Over the past five years, Smith taught herself how to code the tools she needs to keep working. Sometimes she uses Bitcoin, but she also uses a range of jerry-rigged setups for dollar payments.

The fear of being deplatformed and becoming a digital untouchable across portals from Facebook to Shopify defines the adult industry. Deplatforming has become more common since former President Donald Trump signed the Fight Online Sex Trafficking Act (FOSTA) and Stop Enabling Sex Traffickers Act (SESTA) in 2018. That’s why top OnlyFans performer Jasmine Rice, a graduate of the prestigious Wharton business school at the University of Pennsylvania, is careful to keep her OnlyFans persona separate from her other jobs. She avoids sexual content on her real social-media accounts.

“OnlyFans is a considerable portion of my income, but it’s not my only income,” Rice says. “I have a full-time job and I am also working at a startup. I work in finance.”
Rice joined OnlyFans in March 2020 and quickly became a top earner by highlighting her goofy yet educated persona and posting chaste content like singing and playing her keyboard. She doesn’t post nudes or sexual scenes, only solo pics and clips. She knows her PG-13 content may not attract mainstream porn audiences, but she prefers to choose how risqué—or tame—she wants to be online.
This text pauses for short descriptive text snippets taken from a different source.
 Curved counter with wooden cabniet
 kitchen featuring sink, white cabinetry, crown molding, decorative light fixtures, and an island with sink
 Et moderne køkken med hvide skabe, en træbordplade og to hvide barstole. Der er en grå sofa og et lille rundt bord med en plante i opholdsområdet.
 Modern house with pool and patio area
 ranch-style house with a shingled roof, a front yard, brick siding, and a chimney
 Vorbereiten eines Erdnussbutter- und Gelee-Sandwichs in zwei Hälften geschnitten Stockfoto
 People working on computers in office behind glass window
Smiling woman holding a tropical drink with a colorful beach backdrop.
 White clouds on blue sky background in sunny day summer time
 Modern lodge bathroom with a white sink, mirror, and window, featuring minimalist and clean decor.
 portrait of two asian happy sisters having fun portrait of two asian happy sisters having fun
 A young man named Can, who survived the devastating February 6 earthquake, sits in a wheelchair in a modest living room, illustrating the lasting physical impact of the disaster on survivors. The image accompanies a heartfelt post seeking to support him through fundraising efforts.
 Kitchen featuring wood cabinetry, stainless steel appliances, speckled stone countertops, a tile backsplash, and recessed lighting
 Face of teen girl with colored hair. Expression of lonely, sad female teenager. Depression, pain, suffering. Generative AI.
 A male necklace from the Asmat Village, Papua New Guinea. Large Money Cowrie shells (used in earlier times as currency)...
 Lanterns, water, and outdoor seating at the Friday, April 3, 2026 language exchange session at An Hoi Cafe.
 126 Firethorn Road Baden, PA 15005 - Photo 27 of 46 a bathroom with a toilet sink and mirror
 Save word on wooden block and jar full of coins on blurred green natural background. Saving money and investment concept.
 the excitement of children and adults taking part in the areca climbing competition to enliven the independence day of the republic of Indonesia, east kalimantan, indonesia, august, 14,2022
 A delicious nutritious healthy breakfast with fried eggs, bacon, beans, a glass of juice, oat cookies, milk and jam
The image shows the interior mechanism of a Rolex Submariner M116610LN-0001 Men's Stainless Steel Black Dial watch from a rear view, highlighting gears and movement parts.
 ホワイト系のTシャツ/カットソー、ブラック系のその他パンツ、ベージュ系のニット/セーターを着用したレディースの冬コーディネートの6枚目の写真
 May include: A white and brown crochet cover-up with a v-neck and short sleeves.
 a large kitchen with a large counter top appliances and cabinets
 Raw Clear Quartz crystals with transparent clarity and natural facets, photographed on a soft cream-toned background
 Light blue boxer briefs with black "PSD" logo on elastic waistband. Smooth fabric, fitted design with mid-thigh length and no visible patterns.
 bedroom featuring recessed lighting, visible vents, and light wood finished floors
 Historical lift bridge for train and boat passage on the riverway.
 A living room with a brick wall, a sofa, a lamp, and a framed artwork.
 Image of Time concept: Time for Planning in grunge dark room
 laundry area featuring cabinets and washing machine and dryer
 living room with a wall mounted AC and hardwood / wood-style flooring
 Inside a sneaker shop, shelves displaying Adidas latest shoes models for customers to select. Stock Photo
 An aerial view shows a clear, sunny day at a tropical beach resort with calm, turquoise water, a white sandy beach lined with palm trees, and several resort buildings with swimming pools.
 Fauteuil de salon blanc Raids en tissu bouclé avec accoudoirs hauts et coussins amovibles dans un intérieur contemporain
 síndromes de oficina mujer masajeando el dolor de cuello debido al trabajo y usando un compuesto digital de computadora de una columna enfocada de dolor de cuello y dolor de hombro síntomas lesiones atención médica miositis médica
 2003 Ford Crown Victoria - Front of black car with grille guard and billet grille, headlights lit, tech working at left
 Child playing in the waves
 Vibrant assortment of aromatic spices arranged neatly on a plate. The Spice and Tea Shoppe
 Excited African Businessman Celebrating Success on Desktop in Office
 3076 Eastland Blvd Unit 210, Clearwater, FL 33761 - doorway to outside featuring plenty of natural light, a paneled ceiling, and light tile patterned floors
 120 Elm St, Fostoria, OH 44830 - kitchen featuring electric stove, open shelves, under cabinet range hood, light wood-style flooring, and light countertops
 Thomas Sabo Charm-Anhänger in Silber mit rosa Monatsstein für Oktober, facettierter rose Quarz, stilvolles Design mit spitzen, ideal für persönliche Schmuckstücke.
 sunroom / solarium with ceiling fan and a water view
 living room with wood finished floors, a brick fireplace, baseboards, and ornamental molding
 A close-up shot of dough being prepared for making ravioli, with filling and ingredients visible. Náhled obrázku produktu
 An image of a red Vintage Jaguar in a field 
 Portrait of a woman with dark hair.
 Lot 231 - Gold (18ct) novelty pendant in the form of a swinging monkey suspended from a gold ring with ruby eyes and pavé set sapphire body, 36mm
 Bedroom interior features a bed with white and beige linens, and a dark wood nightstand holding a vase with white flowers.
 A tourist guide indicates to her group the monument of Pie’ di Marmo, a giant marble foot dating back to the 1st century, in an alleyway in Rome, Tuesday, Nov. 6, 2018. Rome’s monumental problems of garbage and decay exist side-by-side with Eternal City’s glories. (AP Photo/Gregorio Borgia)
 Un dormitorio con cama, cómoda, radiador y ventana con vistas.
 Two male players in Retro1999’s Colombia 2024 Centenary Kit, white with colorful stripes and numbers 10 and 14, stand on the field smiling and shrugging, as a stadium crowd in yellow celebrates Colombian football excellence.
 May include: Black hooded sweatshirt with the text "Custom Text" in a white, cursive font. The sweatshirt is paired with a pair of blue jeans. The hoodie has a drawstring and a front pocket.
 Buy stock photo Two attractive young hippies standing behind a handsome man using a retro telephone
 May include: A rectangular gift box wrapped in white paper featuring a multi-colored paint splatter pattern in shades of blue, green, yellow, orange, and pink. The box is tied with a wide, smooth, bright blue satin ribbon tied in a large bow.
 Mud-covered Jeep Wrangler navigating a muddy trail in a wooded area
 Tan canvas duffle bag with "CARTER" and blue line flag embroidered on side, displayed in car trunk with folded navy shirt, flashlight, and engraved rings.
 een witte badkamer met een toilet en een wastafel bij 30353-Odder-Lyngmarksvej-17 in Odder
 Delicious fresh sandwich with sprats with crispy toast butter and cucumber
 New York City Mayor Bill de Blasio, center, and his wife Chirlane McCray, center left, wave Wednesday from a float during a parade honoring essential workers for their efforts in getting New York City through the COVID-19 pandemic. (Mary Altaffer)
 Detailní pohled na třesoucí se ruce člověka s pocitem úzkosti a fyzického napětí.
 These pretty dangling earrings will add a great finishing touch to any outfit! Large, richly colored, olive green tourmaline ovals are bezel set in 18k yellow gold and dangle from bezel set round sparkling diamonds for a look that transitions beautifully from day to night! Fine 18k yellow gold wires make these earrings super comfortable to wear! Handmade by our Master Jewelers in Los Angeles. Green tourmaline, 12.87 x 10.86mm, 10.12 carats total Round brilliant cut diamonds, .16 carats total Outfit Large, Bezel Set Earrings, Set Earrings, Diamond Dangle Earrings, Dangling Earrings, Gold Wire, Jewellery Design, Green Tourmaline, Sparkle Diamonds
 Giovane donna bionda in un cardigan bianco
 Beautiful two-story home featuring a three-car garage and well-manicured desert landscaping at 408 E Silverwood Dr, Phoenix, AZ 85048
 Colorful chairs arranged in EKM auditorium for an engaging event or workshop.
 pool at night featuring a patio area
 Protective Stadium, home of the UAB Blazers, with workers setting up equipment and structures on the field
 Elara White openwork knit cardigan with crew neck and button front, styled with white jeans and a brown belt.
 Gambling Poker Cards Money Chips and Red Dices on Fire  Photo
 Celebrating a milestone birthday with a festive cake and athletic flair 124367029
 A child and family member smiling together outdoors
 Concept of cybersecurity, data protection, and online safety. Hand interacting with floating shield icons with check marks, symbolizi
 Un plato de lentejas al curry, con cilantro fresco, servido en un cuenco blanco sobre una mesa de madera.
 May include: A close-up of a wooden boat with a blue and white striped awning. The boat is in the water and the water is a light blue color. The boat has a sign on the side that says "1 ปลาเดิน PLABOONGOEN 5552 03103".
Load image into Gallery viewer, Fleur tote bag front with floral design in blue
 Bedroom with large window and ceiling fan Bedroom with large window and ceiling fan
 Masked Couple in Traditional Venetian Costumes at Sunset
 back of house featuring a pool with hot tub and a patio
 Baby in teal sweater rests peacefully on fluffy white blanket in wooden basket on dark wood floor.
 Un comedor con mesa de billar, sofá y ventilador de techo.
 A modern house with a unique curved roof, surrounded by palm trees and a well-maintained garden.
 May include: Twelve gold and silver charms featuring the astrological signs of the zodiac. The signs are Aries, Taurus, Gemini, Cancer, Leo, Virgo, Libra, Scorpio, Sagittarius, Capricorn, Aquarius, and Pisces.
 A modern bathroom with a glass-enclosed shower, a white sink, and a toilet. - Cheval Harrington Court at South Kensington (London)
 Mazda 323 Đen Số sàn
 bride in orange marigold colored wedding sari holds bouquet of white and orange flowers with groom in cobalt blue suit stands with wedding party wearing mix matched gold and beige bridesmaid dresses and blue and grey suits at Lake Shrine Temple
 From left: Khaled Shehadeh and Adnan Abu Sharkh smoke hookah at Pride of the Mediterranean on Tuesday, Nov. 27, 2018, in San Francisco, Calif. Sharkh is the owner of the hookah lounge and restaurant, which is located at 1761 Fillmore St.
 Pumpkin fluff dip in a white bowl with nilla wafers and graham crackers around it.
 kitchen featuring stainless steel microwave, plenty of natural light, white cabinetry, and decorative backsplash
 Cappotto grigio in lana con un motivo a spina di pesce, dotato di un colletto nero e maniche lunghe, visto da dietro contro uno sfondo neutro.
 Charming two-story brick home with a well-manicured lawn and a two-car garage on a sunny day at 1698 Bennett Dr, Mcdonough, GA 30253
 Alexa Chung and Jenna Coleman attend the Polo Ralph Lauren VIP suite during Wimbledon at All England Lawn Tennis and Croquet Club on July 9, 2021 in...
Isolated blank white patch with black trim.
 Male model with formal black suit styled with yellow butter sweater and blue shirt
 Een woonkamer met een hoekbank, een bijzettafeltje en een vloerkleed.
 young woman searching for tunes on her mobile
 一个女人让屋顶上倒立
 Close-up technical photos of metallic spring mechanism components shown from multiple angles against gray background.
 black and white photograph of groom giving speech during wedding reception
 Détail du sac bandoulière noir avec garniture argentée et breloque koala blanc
“I really understand myself and what I am comfortable with showing,” Rice says. “It’s making a trade-off to define what kind of demand you want to focus on.”

Rice, however, often has issues using the OnlyFans platform. She says OnlyFans support staff doesn’t respond to her requests for help when unknown users steal her exclusive content and circulate it online.“I’ve heard about girls having their [OnlyFans] accounts shut down with no recourse and their money is just gone,” she says.

Rice is now working on her own platform, which isn’t related to the adult industry. Her case encapsulates the conundrum many tech-savvy women face. Rice, especially as a woman of color from an immigrant family that has relied on SNAP benefits, has more access to sexual capital than venture capital. She can earn enough to bootstrap her own startup by marketing her feminine wiles on Twitter and OnlyFans, potentially transferring those relationships to other payment methods. But she is aware that the dozens of trolls who steal her content from OnlyFans might doxx her and harm her opportunities in the business sphere.
“Society hates sex workers and that they make money, so we like to think they are bad or desperate people—someone who is lazy or unskilled,” Rice says. “I’ve been called this, too, just for having an OnlyFans.”

Smith says finance and tech companies, by not recognizing that many sex workers can also create and run their own sites, are missing out on a pool of freelance talent with unique skills, in addition to investment-worthy entrepreneurs. Flux says she’s happier since she quit the corporate grind. Rather than hide her leather and chains, she prefers to work independently.

“A lot of people do sex work as a side job in addition to their day jobs, so we have a wide range of skills,” Smith says. “Sex workers are all around you, even if you don’t know it.”